C4 – Enzyme kinetics
Key information
Next planned course: December 2-6, 2024
Registration deadline: TBD
Format: Digital/Remote (hosted by UiS)
Course responsible: Peter Ruoff
Grading: Minimum 80% attendance and evaluation of project work/report (pass/fail)
Credits: 5 ECTS
UiS course code: BIO910
Software requirement: Please note that you need to have access to Matlab and Gnuplot during the course. Matlab should be available through your University. It is also possible to get access through UiS if need be. Gnuplot is a free download. See further details at the UiS Canvas site.
Registration
All students much register in two ways:
- Directly to BioCat through the form at the bottom of this page.
- Registration to UiS will vary if you are a UiS student or an external student:
- UiS students can register for BIO910 as usual through the digital student service desk.
- Non-UiS students can register for BIO910 through Søknadsweb, but they must choose the Apply for single courses button on this page.
Content
The course is aimed at PhD students with interests in enzyme kinetics and mathematical modelling of enzymatic/metabolic reactions. The course covers traditional enzyme kinetics topics, but also newer concepts from signal transduction kinetics and robust control (integral feedback) are included. Dependent on the students’ backgrounds and their thesis-work some of the topics may be given in more depth.
After the lectures have been completed, students work on a compulsory delivery.
Teaching
The course (Mon-Fri 9h-15/16h with breaks) will be completely digital and recorded (using Canvas Conferences). Some minor aspects of the course may vary from what is detailed below. Travel for this course will not be required.
Monday
Presentation of participants, their interests, with a brief overview of the course. Practical aspects: Use of Canvas Conferences and orientation about the compulsory delivery. Overview of gnuplot/Matlab and alternative computational methods, such as python. Basic kinetic concepts. Historical aspects about catalysis, enzymes, and the Michaelis-Menten mechanism. Enzyme classes. Introduction into experimental set-ups to record reaction velocities. Spectroscopy primer.
Tuesday
Steady state versus rapid equilibrium solutions (Matlab). Determination of Vmax and Km values by graphical methods as well as using gnuplot and Matlab. Recording of reaction rates by UV-VIS spectroscopy with and without inhibitors (video). Recording of calibration curves.
Wednesday
Inhibition & activation mechanisms. Influence of environmental variables on enzymatic systems: salinity, pH, temperature. The two-protic model. Analysis of experimental alkaline phosphatase data with respect to pH by gnuplot.
Thursday
Reversible MM-mechanism. King-Altman method. Multisubstrate mechanisms. Hysteretic enzymes, Allosteric/cooperativity and ultrasensitivity. Sensitivity analysis (Metabolic Control Analysis).
Friday
Feedback and robust (integral) control in reaction kinetic systems. Homeostasis. Formulation and deadline for the compulsory delivery. Course evaluation.

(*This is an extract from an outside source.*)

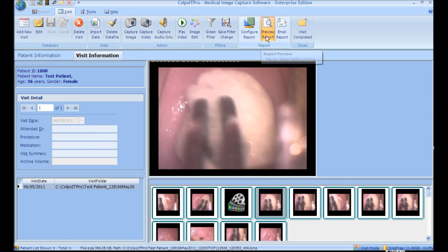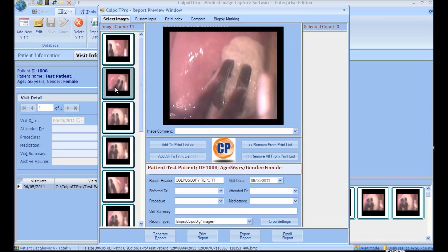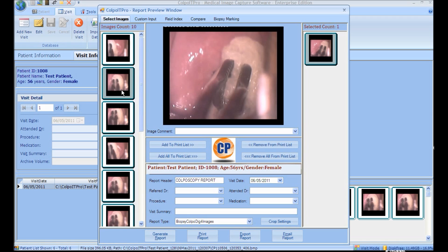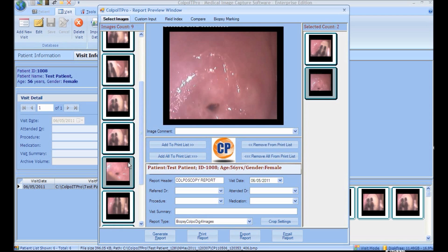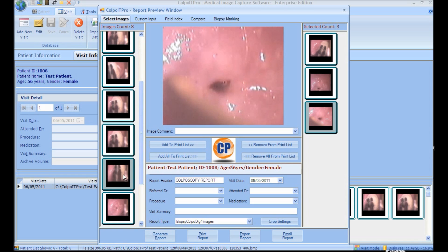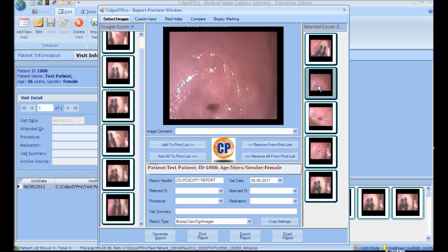For reporting, click the Preview Report button. The images taken will appear on the left-hand side, and on one click the image can be viewed. To select images for print, double-click on the images taken. A maximum of 18 images can be selected with a minimum of 1. To add an image comment, select the image from the select count. The comments are auto-fill generatable. Enter the other details to be mentioned on the report.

Exam and evaluation (including the essay)
- Pass/fail
Work requirement
After the lectures have been completed, students work on a compulsory delivery.

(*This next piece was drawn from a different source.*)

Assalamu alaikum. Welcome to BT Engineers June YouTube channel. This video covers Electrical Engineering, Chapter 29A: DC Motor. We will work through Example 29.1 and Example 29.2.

Minimum 80% attendance and approved compulsory delivery.
Syllabus
Lectures are based on: Athel Cornish-Bowden, Fundamentals of Enzyme Kinetics, Fourth Edition, Wiley-Blackwell and handouts/papers. Prior to the lecture, please get a Matlab licence from your university (or UiS) and install gnuplot on your computer. For details about installing Matlab and gnuplot see the Welcome page in the ‘Announcements’ tab on Canvas.
Learning outcome
The candidate will be able to design and conduct enzyme kinetic experiments, has knowledge and general competence about the different classes of enzyme mechanisms, including inhibition, activation, and allosteric mechanisms. The candidate learns experimental and computational skills, methods how to extract rate parameters from experiments, estimate their significance and sensitivities, how to set up reaction kinetic models and how to perform simulation calculations.